Люди в зале подались вперед.
— Я могу сообщить вам только одно: я ничем не могу ей помочь.
По толпе прошел ропот. Стью увидел на лицах скорбь, но ни для кого слова Джорджа не оказались неожиданными.
— Со слов жителей Зоны мне известно, что этой леди — сто восемь лет. Мне сказали, что она ушла две недели назад, и по моему предположению, за это время ей вообще не приходилось есть приготовленной пищи. Похоже, она питалась кореньями, травами и тому подобным. Сейчас она пребывает в коматозном состоянии. Думаю, что она умрет. Но, как и всем вам, она мне снилась… она и тот, другой.
Снова по залу пробежал тихий ропот, и Стью, почувствовал, как напряглись волоски у него на загривке.
— На этом я хотел бы закончить. Будут ли у вас ко мне вопросы?
Вопросов не было. Люди смотрели на него, и некоторые из них плакали в открытую.
— Спасибо, — сказал Джордж и вернулся на свое место в мертвом море молчания.
— Давай, — прошептал Стью Глену.
Глен подошел к кафедре.
— Мы обсудили все, кроме темного человека, — сказал он.
Снова этот ропот. Несколько людей в зале инстинктивно перекрестились.
— Нам придется противостоять ему. Мистицизм — это не моя специальность, но я должен сказать вам, что подобно тому, как Матушка Абагейл воплощает силы добра, Рэнделл Флегг воплощает силы зла. Я уверен в том, что та сила, которой служит Матушка Абагейл, объединила нас здесь. И мне не кажется, что она может нас оставить. Может быть, нам надо обсудить все это и впустить немного свежего воздуха в наши кошмары. Может быть, нам надо решить, что мы собираемся с ним делать. Но ясно одно, что мы не можем ему просто так позволить прийти следующей весной в Зону и взять нас голыми руками. А теперь я возвращаю слово Стью, и пусть он ведет обсуждение.

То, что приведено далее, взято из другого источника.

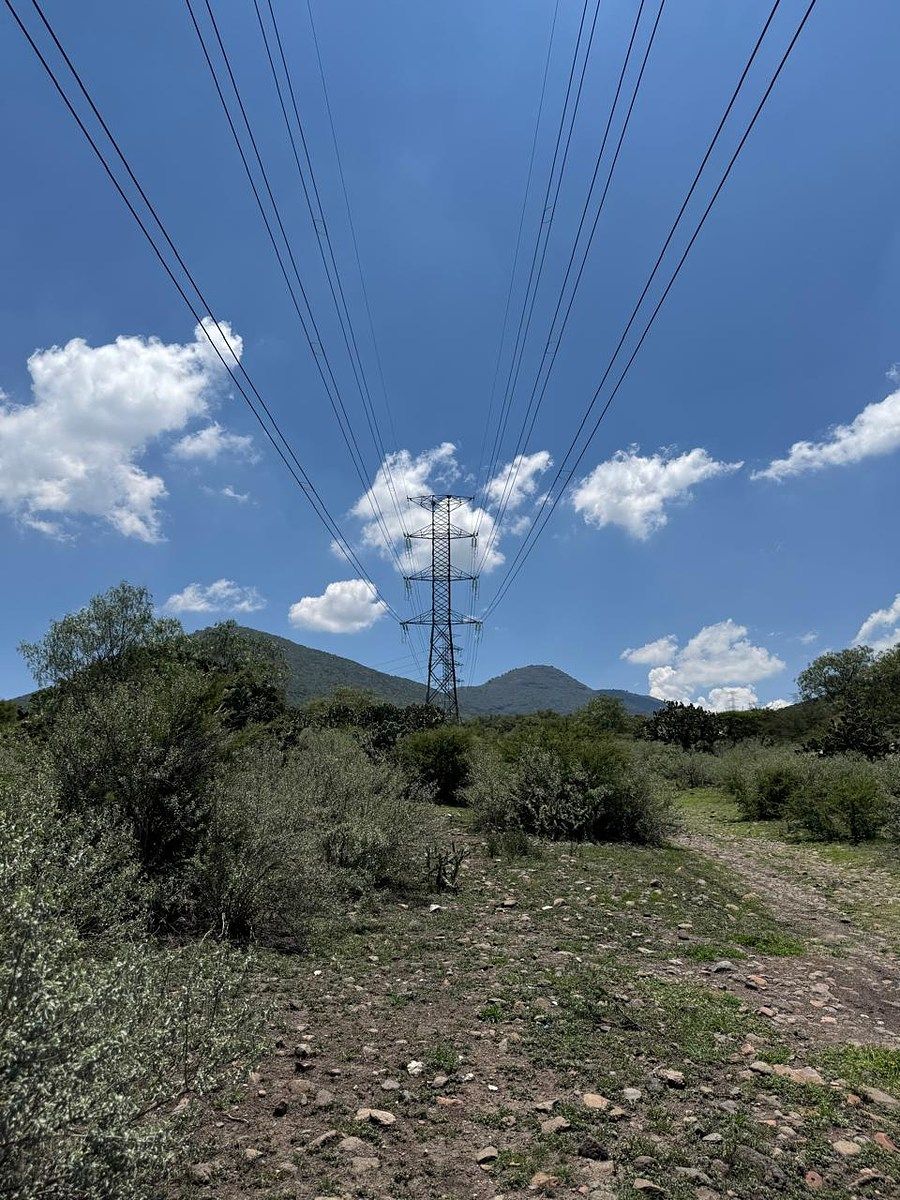 Lote em Atotonilco de Tula Centro, Atotonilco de Tula, foto 18 de 24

Обсуждение продолжалось три часа. Как и предчувствовал Ларри, оно оказалось абсолютно бесплодным.
Митинг закончился в половину второго ночи, и Глен ушел вместе со Стью, впервые после смерти Ника чувствуя себя в своей тарелке. Он радовался тому, что им удалось преодолеть первые трудные ступеньки лестницы, ведущей из их собственных душ к полю битвы, каким бы оно ни оказалось.
Он почувствовал надежду.
Кто-то тряс Стью за плечо, и ему понадобился долгий промежуток времени, чтобы всплыть на поверхность сна. Его разбудил Глен Бэйтмен, вырисовывавшийся смутным силуэтом в почти полной темноте.
— Тебя не добудишься, Восточный Техас, — сказал Глен. — Ты спишь, как фонарный столб.
— Ты хоть бы свет включил, чертов болван.